**Task details**
In the entries that follow, the lines from the one with "Biele teplakové kraťasy, l" through the one with "Cambrils al plat: Recepta" are the ones to write out, exactly and with both ends included. Nothing else should appear.

**Material provided**
┄┄┄┄┄┄┄┄┄┄

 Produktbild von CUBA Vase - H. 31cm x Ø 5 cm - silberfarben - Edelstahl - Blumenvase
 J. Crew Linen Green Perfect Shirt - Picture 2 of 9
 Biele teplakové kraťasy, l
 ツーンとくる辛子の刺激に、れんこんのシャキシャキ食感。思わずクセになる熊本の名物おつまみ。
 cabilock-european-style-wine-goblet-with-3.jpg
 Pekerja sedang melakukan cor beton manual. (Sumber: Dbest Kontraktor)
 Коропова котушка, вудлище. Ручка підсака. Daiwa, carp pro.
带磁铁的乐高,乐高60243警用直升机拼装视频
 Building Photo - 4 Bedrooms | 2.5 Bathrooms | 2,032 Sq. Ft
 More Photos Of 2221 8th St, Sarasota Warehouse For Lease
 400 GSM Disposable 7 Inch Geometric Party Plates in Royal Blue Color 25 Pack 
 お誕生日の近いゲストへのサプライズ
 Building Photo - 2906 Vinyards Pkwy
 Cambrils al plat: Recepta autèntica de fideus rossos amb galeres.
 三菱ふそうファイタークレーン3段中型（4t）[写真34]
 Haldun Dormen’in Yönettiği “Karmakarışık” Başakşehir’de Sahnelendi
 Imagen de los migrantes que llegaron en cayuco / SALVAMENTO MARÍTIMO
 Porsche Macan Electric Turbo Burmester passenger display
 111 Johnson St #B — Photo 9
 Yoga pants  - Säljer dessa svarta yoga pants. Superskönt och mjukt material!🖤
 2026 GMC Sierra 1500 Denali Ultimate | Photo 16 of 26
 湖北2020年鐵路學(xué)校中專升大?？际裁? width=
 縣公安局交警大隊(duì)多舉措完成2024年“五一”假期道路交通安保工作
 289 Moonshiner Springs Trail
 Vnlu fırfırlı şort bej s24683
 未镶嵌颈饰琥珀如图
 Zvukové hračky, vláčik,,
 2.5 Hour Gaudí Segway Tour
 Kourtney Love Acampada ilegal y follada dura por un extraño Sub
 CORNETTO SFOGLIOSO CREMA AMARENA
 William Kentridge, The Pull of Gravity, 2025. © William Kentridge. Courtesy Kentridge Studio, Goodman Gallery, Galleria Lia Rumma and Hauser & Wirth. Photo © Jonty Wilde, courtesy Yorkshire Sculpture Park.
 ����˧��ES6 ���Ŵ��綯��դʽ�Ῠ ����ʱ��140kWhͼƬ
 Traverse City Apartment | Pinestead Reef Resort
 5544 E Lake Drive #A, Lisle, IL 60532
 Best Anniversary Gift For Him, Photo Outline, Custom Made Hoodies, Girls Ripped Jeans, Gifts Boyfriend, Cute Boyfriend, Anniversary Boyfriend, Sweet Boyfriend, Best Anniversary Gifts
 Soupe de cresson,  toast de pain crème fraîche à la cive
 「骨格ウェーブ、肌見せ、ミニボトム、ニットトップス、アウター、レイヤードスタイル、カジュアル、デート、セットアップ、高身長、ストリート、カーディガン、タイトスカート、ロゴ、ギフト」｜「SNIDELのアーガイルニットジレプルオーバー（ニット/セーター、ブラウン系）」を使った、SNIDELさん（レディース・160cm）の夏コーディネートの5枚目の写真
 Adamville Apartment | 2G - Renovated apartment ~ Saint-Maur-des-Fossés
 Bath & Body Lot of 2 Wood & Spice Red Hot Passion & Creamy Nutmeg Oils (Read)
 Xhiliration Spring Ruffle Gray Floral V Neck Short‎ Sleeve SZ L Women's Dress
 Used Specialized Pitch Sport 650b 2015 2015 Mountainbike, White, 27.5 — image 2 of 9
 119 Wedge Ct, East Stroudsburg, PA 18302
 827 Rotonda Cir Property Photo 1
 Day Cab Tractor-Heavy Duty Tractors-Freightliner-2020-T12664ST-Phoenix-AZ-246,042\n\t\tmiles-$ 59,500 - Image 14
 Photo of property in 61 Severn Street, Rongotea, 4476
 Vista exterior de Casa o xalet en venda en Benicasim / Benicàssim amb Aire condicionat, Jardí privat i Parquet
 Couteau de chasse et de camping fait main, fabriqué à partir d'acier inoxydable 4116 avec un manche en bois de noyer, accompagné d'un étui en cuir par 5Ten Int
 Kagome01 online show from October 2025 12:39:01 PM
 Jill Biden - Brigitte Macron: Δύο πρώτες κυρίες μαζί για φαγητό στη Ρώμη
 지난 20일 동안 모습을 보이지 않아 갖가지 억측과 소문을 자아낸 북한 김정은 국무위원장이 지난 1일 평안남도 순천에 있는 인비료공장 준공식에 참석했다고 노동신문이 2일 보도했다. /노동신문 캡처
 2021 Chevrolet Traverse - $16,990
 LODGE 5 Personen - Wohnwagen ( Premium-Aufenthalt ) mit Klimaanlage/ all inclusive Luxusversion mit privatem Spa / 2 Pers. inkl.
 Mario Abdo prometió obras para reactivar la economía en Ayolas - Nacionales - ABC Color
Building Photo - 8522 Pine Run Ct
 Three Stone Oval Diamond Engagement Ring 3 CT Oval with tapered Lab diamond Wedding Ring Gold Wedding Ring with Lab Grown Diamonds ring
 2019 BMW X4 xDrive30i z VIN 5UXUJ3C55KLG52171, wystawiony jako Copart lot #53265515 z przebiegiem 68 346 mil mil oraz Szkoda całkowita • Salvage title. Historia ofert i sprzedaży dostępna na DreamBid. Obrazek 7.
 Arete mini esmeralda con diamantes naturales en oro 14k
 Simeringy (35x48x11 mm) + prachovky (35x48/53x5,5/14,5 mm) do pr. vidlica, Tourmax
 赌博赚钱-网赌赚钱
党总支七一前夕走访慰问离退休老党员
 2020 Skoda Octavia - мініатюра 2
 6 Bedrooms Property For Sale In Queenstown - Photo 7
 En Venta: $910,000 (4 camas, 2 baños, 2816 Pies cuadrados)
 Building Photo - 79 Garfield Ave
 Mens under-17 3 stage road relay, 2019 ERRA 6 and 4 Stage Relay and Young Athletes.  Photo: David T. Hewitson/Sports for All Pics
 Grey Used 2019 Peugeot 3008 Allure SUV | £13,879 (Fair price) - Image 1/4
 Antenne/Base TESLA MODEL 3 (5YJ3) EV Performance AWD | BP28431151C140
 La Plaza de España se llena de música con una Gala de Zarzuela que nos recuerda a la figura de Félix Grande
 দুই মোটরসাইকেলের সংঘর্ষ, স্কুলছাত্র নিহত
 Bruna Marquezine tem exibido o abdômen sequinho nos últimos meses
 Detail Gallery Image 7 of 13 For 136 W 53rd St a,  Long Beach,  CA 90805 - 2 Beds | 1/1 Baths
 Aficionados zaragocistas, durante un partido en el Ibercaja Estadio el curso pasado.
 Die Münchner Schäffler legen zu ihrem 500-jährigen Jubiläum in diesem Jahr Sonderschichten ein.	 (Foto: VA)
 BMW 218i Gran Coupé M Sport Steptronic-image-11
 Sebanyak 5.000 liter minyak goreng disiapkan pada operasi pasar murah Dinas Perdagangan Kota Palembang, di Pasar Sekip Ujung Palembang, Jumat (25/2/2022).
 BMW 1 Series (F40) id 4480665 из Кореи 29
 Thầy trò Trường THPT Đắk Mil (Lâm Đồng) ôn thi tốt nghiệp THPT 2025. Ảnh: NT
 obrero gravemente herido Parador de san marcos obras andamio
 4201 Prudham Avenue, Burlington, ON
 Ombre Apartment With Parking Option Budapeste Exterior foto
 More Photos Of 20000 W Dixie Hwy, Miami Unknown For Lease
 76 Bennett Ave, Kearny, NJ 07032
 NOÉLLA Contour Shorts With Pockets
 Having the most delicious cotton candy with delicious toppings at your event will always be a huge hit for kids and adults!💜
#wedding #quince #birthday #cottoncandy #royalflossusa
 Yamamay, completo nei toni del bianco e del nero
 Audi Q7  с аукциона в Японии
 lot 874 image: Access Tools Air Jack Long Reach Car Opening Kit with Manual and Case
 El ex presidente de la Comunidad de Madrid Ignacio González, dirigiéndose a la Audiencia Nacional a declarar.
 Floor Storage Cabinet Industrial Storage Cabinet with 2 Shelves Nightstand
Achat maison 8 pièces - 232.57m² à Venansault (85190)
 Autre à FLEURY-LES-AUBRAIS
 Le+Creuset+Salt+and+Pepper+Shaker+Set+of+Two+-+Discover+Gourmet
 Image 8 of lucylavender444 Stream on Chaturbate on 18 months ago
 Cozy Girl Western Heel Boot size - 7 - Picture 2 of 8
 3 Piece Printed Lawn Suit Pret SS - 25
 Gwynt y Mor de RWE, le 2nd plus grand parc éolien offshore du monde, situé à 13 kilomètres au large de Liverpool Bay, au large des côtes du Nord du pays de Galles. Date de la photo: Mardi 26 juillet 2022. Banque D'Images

┄┄┄┄┄┄┄┄┄┄

**Result for this task**
 Biele teplakové kraťasy, l
 ツーンとくる辛子の刺激に、れんこんのシャキシャキ食感。思わずクセになる熊本の名物おつまみ。
 cabilock-european-style-wine-goblet-with-3.jpg
 Pekerja sedang melakukan cor beton manual. (Sumber: Dbest Kontraktor)
 Коропова котушка, вудлище. Ручка підсака. Daiwa, carp pro.
带磁铁的乐高,乐高60243警用直升机拼装视频
 Building Photo - 4 Bedrooms | 2.5 Bathrooms | 2,032 Sq. Ft
 More Photos Of 2221 8th St, Sarasota Warehouse For Lease
 400 GSM Disposable 7 Inch Geometric Party Plates in Royal Blue Color 25 Pack 
 お誕生日の近いゲストへのサプライズ
 Building Photo - 2906 Vinyards Pkwy
 Cambrils al plat: Recepta autèntica de fideus rossos amb galeres.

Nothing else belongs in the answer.